In one case, professor Phil Jones of the University of East Anglia refers to a "trick" regarding temperature data that he attributes to an article that co-authors and I published in the journal Nature in 1998. We showed one up-to-date temperature data set from thermometer measurements along with a longer data set, based on calculations from natural "proxy" records such as ice cores, corals and tree rings, that ended in 1980. The "trick" (by which scientists generally mean a clever solution, i.e., a "trick of the trade") was that the longer-term record could be viewed in the context of recent temperature measurements.

There was nothing secret about this. Both temperature curves were clearly labeled in our Nature article, and anyone could download the data we plotted. The National Academy of Sciences reviewed this work in 2006 in a study reported by this newspaper ["Past Few Decades Warmest on Record, Study Confirms," news story, June 23, 2006]. Members of the peer-review panel said that they "saw nothing that spoke . . . of any manipulation" and that the study was "an honest attempt to construct a data analysis procedure."

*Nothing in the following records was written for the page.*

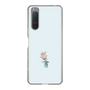 Slim Protection Case［ Binetsu - Flowers 1 ］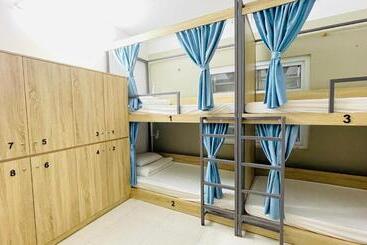The Light Hostel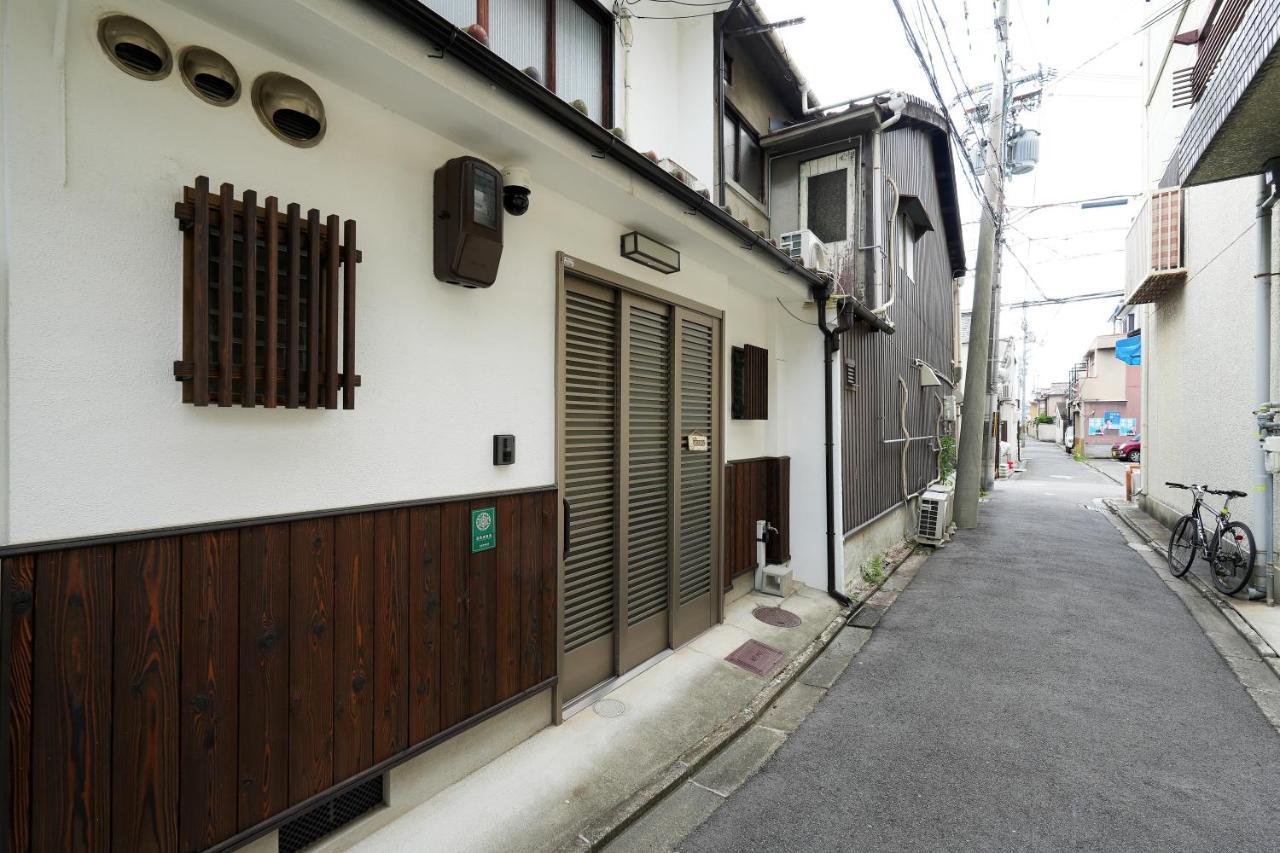 Kyoka Inn 京都 外观 照片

In the same e-mail, Jones uses the phrase "hide the decline" in reference to work by tree-ring expert Keith Briffa. Because tree-ring information has been found to correlate well with temperature readings, it is used to plot temperatures going back hundreds of years or more. Briffa described a phenomenon in which the density of wood exhibits an enigmatic decline in response to temperature after about 1960. This decline was the focus of Briffa's original article, and Briffa was clear that these data should not be used to represent temperatures after 1960. By saying "hide the decline," Jones meant that a diagram he was producing was not to show those data during the unreliable post-1960 period.

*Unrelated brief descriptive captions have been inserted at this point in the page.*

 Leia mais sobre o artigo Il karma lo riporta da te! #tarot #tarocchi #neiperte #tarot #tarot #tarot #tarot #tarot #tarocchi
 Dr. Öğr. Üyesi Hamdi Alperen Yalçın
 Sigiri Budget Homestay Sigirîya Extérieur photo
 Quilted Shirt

The conspiracy theories about the e-mails are fueled in part by their criticisms of the quality of two papers regarding global warming and a suggestion that at least one of the papers be kept out of an Intergovernmental Panel on Climate Change report. As Nature noted in a recent editorial, neither the e-mail writers nor the IPCC suppressed any findings. Both papers were included in the IPCC's report. Some statements in the stolen e-mails reflect poor judgment -- for example, a colleague referring to deleting e-mails that might be subject to a Freedom of Information Act request -- but there is no evidence that this happened.

Palin wrote that Alaska's climate is changing but referred to "thawing permafrost and retreating sea ice" as "natural, cyclical environmental trends." In fact, such changes are among the effects scientists predicted would occur as greenhouse gas levels increase. Scientific evidence for the reality of human-caused climate change includes independently replicated data documenting the extent of warming; unprecedented melting of glaciers; rises in global sea levels; increasingly widespread continental drought; and models that predict all of these things but only when human impacts are included. Those same models project far more profound and potentially damaging impacts of climate change if we do not take action to stabilize greenhouse gas levels.

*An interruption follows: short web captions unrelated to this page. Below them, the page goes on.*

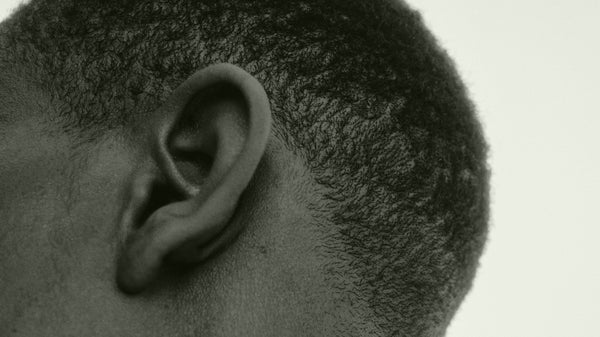 Dealing with a dry scalp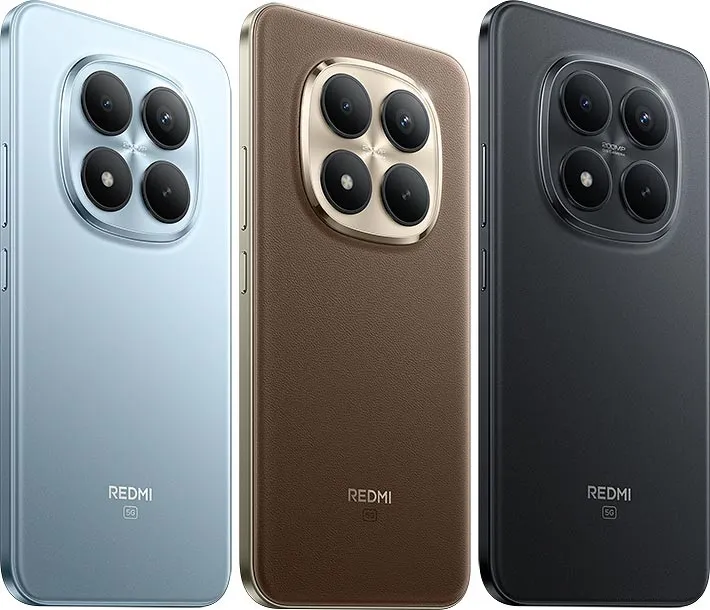 xiaomi Redmi Note 15 Pro+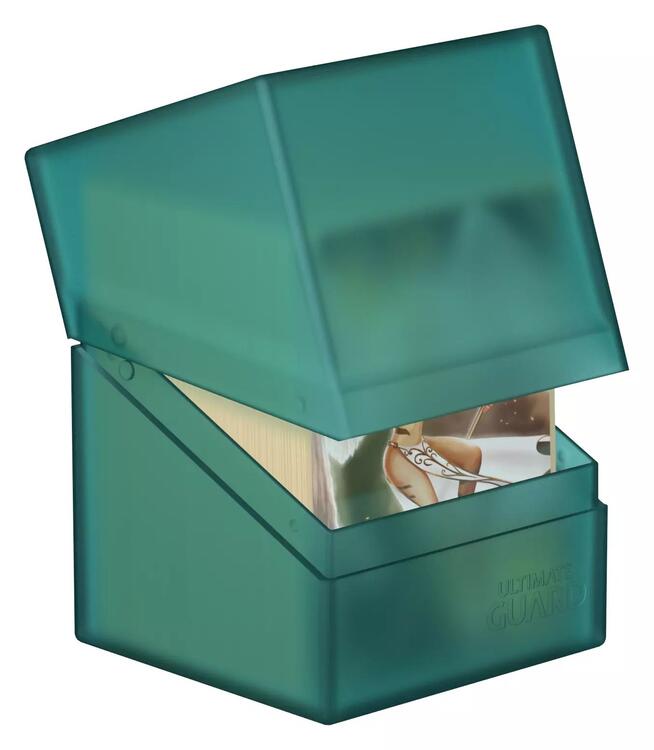 Ultimate Guard - Boulder 100+ Deck Box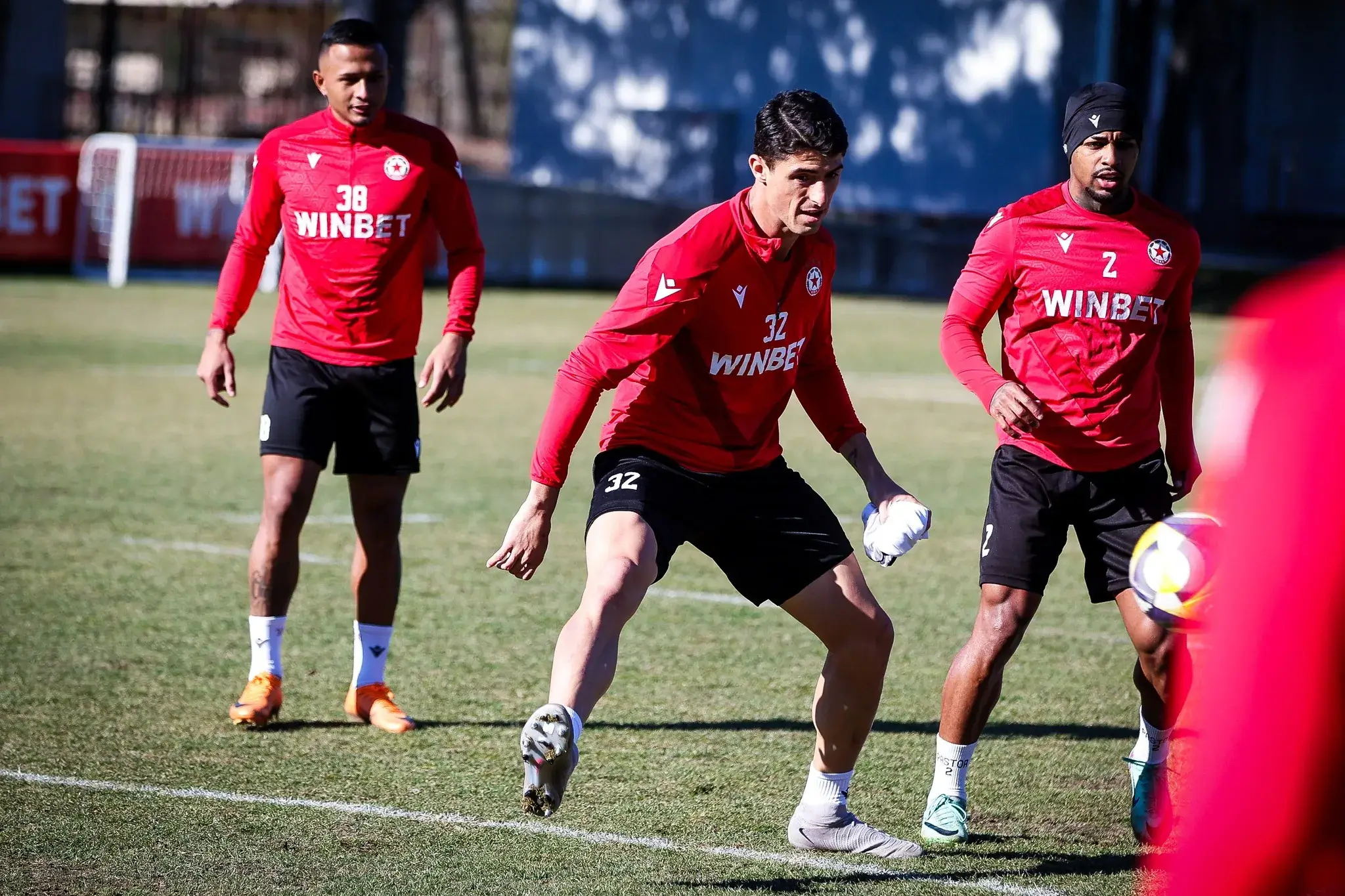 Факундо Родригес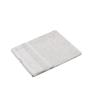 Serviette de toilette 50 x 90 cm Lilas lin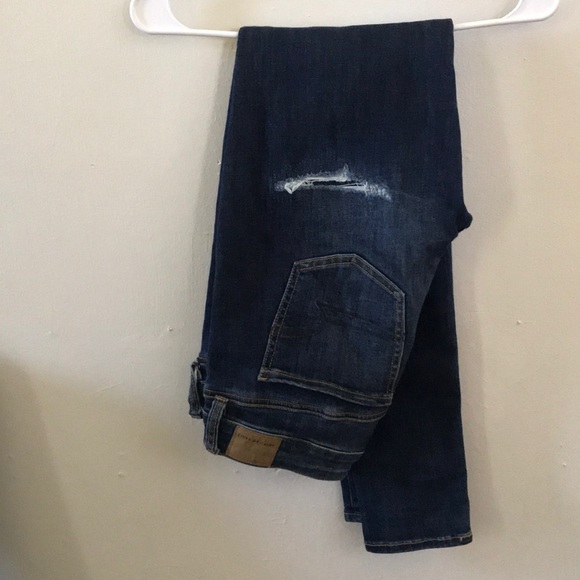 American Eagle Outfitters Denim - AEO✨ Jegging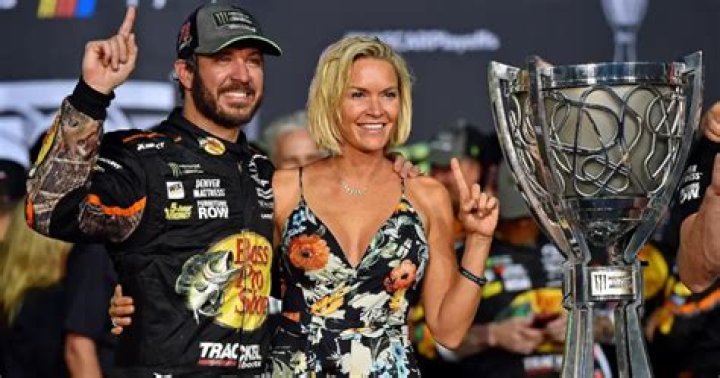 Sherry Pollex Obituary Former Girlfriend of Martin Truex Jr Dead at 44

The scientific consensus regarding human-caused climate change is based on decades of work by thousands of scientists around the world. The National Academy of Sciences has concluded that the scientific case is clear. As world leaders work in Copenhagen to try to combat this problem, some critics are seeking to cloud the debate and confuse the public.

Michael E. Mann, the author of "Dire Predictions: Understanding Global Warming," is a professor in the meteorology department at Penn State University and director of the Penn State Earth System Science Center.